Last updated: November 24, 2020

What Does Atomic Absorption Spectroscopy (AAS) Mean?

Atomic absorption spectroscopy (AAS) is a spectroscopic analysis technique that determines the concentration of a particular element in a sample by atomizing the contents of the sample and measuring the absorbance of a wavelength specific to that particular element in the gaseous state. Atomic absorption lines of free atoms are very narrow, with absorption ranges of only a few picometers (1 picometer = 0.001 nanometer). Further, these absorption lines typically do not overlap with those of different elements, making the technique specific.

AAS is performed using an atomic absorption spectrometer, which is composed of an atomizer that prepares the sample for analysis, a lamp for radiation and a detector. Two types of atomic absorption spectrometers are available, depending on the lamp type: line source (LS) AAS and continuum source (CS) AAS.

LS AAS uses a single lamp for a single element of interest, while CS AAS uses a lamp that can measure many different elements. While CS AAS may sound more appealing, they require a more expensive high-resolution monochromator for wavelength selection.

AAS is used across many disciplines such as chemistry, biology, pharmaceuticals, material analysis and water quality evaluation to determine the presence and concentration of a particular atom of interest, such as a toxic metal atom such as lead. More than 70 elements, mainly metals, can be analyzed with AAS.


Corrosionpedia Explains Atomic Absorption Spectroscopy (AAS)

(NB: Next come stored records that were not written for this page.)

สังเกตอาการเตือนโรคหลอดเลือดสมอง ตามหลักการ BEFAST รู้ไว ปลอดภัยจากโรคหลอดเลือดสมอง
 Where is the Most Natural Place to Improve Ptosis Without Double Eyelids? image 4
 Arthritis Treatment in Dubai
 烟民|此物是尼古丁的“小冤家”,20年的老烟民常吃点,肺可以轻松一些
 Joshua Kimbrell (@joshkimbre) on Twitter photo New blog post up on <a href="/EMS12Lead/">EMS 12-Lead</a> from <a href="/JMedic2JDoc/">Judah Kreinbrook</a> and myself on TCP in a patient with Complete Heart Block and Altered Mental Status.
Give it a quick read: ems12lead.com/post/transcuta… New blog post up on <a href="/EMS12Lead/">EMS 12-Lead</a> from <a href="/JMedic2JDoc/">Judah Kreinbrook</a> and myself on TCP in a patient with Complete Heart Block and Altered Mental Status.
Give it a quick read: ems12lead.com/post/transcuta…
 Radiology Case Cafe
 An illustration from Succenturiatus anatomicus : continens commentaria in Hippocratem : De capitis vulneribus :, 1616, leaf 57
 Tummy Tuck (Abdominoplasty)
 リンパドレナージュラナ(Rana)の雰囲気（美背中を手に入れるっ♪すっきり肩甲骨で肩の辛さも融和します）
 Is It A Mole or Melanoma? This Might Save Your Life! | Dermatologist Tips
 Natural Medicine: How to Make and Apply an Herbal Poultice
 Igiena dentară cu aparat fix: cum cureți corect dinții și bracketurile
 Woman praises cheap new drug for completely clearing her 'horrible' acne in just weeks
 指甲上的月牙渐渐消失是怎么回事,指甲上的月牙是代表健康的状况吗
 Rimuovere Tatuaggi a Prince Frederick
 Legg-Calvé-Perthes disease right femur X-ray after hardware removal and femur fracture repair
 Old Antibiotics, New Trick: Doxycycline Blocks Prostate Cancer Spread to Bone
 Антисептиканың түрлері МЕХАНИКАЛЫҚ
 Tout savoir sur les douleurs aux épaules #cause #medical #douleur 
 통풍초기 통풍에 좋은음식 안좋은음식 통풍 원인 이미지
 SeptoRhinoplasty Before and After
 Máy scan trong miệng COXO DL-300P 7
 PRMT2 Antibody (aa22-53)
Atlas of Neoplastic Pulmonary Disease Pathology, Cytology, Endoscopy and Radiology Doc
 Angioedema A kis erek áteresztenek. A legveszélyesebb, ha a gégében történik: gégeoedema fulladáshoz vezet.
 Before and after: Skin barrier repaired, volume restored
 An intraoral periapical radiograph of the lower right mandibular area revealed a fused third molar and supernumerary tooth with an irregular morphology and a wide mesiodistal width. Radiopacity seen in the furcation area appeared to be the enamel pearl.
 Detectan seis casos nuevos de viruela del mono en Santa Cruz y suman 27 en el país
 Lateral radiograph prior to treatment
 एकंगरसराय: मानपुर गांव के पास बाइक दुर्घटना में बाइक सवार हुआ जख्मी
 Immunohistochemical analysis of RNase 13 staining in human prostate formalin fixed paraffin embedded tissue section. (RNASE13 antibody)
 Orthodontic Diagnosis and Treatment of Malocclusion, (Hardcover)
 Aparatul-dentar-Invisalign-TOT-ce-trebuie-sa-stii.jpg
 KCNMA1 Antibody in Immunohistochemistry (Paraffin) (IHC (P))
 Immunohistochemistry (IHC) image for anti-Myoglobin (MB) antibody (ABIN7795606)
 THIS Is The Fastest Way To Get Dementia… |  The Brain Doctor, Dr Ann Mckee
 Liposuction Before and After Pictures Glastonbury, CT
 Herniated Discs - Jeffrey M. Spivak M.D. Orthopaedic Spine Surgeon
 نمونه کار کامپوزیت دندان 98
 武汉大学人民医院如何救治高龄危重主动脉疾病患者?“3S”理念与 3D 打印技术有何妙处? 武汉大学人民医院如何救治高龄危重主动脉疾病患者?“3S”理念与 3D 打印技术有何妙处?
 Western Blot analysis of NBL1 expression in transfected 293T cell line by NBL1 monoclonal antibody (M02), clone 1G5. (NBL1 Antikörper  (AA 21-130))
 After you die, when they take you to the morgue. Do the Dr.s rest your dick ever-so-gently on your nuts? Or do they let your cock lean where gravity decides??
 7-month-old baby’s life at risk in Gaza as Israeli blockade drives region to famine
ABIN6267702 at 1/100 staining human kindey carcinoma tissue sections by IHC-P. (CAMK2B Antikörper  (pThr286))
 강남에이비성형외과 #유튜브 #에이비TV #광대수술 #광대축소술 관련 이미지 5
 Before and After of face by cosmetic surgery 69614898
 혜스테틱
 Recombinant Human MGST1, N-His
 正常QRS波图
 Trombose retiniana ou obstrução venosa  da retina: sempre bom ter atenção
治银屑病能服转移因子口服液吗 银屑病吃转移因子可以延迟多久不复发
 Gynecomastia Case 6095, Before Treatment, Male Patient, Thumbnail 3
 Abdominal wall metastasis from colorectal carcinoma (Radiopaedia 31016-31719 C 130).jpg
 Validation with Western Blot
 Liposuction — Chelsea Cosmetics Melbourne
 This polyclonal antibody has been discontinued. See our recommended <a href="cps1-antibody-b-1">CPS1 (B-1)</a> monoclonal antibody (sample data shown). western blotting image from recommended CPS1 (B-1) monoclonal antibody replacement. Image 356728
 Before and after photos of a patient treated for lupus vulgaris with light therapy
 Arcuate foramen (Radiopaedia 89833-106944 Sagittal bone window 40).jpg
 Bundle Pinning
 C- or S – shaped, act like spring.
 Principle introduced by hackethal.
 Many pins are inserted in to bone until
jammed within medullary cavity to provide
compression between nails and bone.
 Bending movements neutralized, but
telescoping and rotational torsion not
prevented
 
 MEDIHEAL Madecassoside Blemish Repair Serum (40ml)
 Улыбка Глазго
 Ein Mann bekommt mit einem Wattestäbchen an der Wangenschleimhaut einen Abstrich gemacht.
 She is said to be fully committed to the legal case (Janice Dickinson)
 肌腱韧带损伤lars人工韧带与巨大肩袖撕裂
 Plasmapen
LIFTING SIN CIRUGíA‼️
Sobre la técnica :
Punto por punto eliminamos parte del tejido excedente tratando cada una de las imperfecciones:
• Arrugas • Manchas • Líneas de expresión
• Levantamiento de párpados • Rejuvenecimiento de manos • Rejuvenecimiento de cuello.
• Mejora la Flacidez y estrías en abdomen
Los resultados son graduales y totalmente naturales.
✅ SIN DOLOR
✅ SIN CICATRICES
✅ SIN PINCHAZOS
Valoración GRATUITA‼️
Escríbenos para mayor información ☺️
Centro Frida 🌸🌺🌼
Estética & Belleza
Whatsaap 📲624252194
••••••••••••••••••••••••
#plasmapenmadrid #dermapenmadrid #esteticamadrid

AAS starts with specialized sample preparation to release the element’s atoms into solution. Certain metals require harsh acids such as nitric acid (HNO3) to ensure that any bonds to other atoms are broken in order to be atomized into the gas phase as a free atom. If these bonds are not broken, a portion of the metal may not be detected. Various atomizers are available:

  • Flame atomizers
  • Electrothermal atomizers
  • Glow-discharge atomizers
  • Hydride atomizers
  • Cold-vapor atomizers

The atomic absorption lines of these metals lie between 200-700 nanometers. For LS AAS, hollow cathode lamps and electrodeless discharge lamps are used to create a specific wavelength radiation for the absorption line of a specific element in question. For CS AAS, other sources such as a xenon arc lamp are used. The radiation from the lamps will only interact with a free metal atom at a specific wavelength because at that wavelength of energy, the atom is able to undergo an electronic state change from its ground state to an excited state. Any energy absorbed by an atom will not be detected after passing through the sample, indicating the presence of that atom.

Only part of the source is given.